• Task to complete
Only one span of the material below is wanted. Output it exactly, from the line with "Cinq a sept" through the line with "Queen/King Size Storage", without any pictures.

• Exercise data
Start of Block

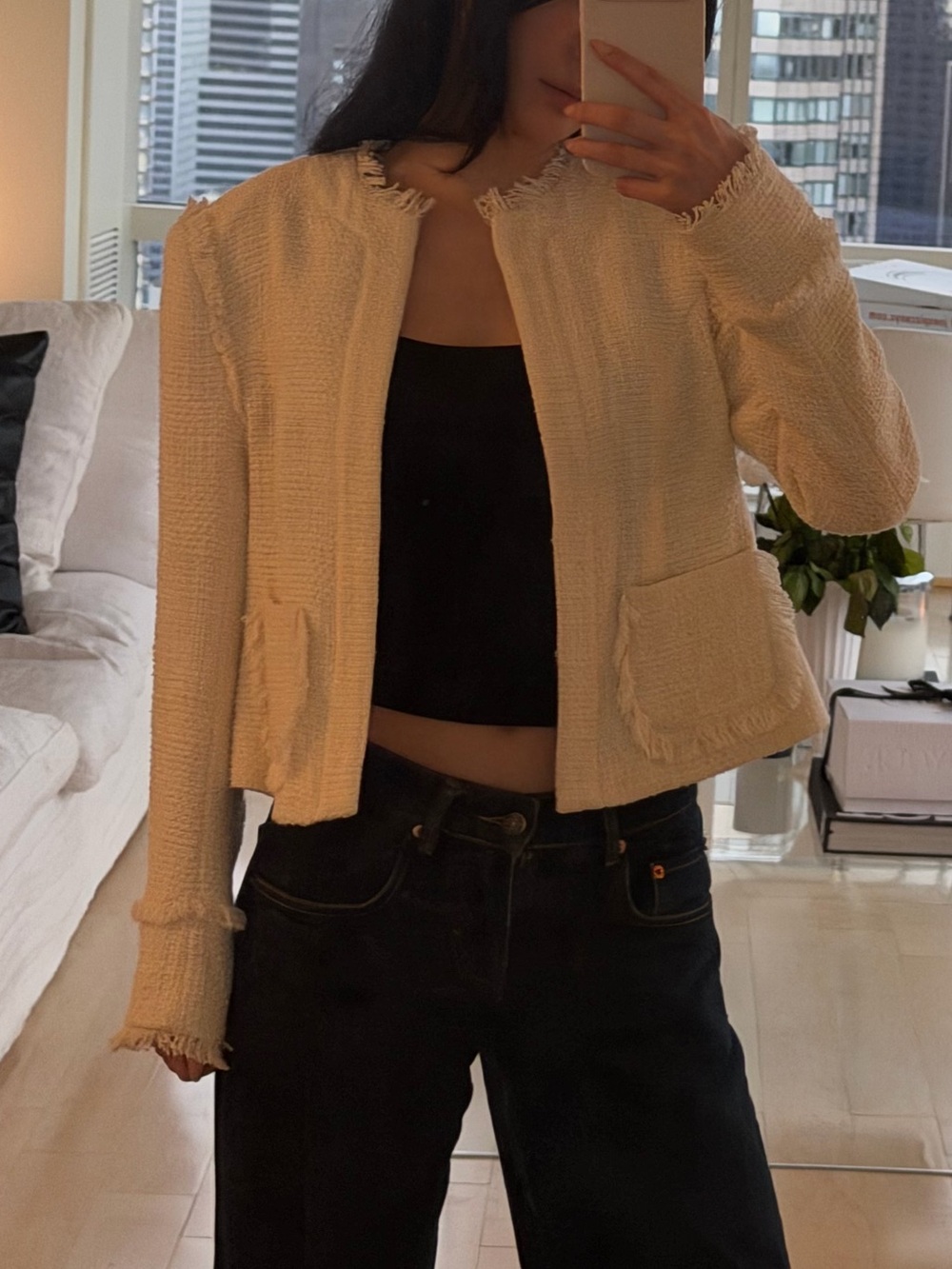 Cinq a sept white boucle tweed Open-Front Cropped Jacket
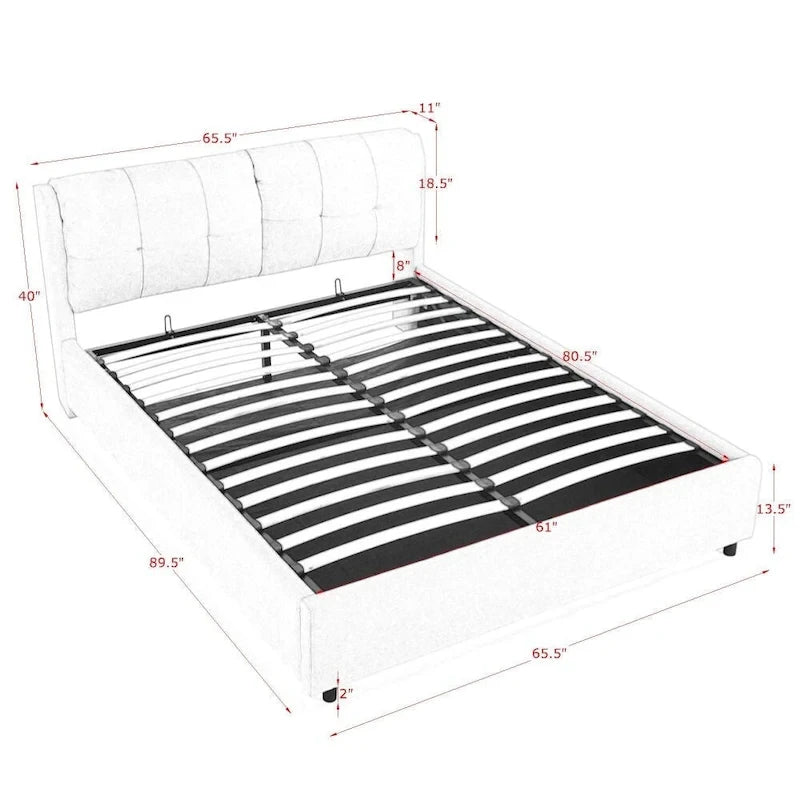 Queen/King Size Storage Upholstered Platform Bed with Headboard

End of Block
Start of Block

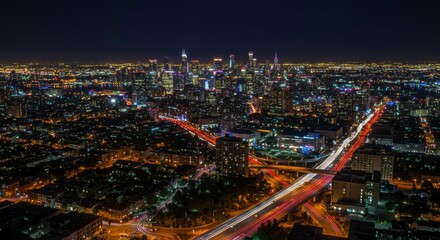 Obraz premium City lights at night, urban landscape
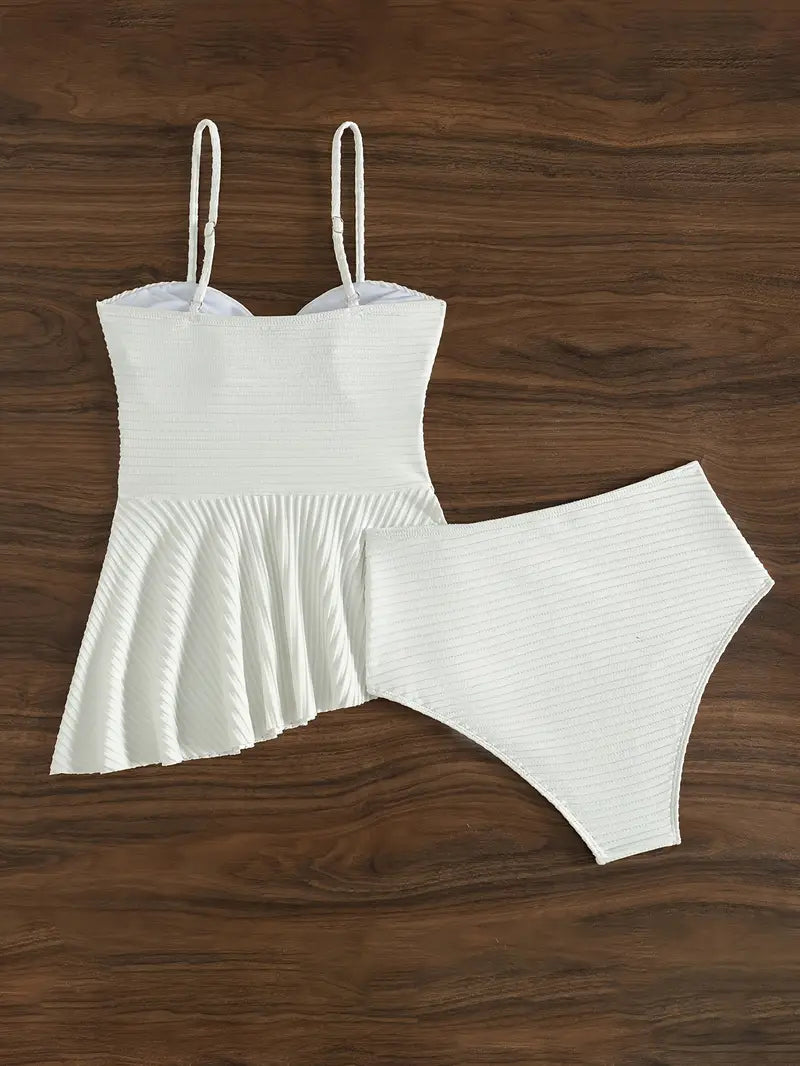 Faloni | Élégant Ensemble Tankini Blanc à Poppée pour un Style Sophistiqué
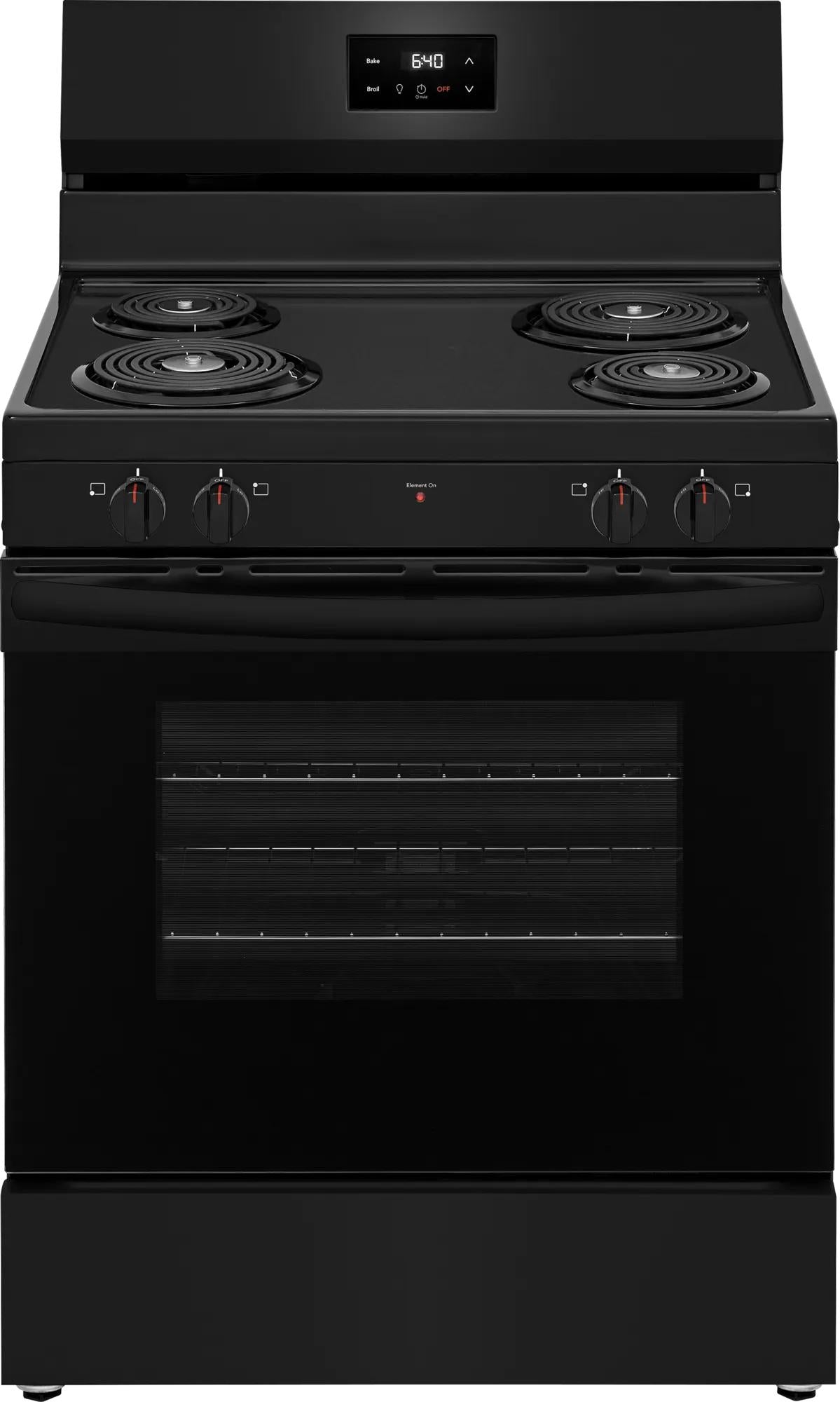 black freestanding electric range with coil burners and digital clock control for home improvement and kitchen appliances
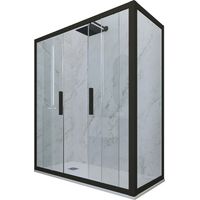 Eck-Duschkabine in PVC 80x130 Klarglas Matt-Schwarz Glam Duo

End of Block
Start of Block

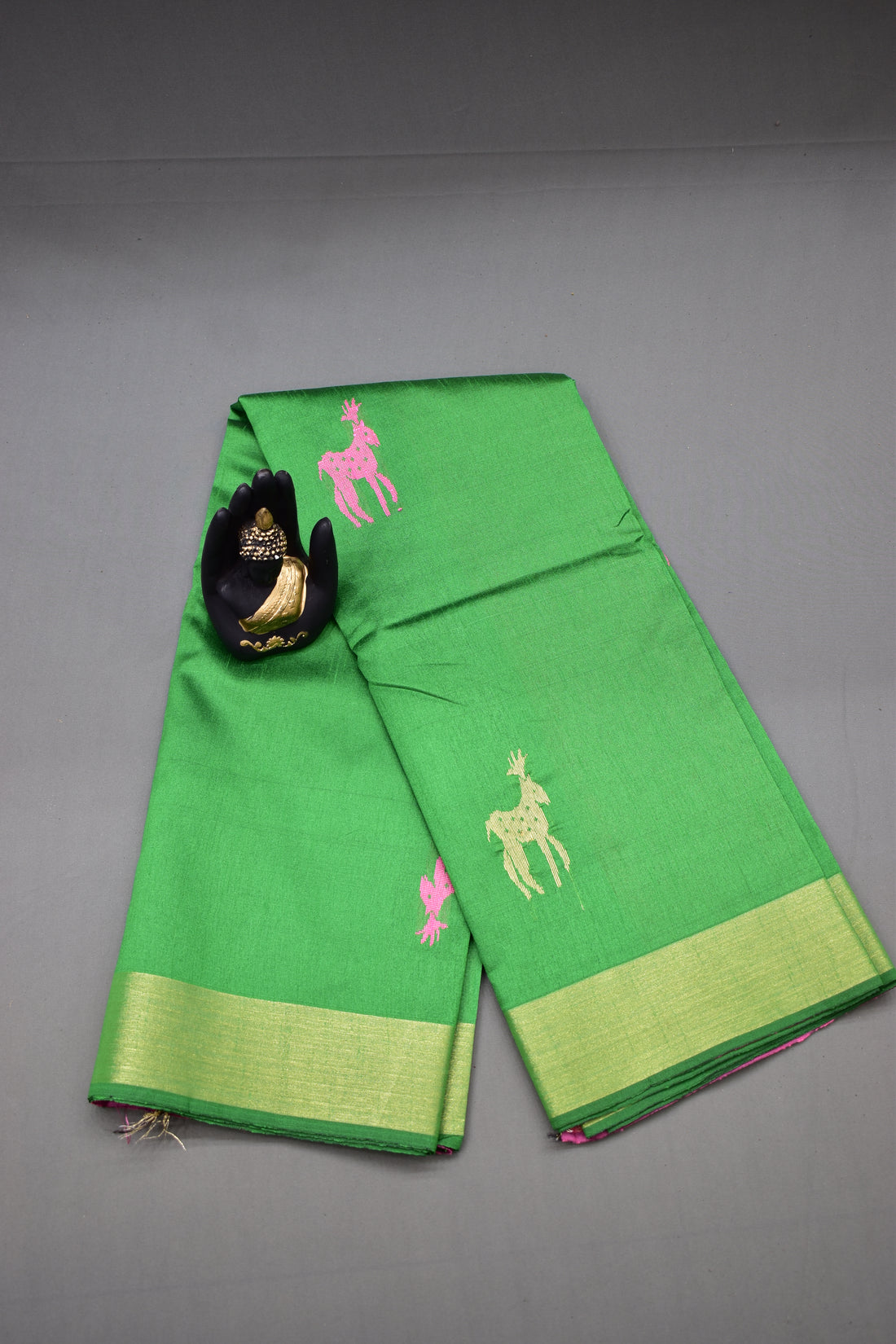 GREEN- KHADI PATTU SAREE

End of Block

• Solution for this problem
 Cinq a sept white boucle tweed Open-Front Cropped Jacket
 Queen/King Size Storage Upholstered Platform Bed with Headboard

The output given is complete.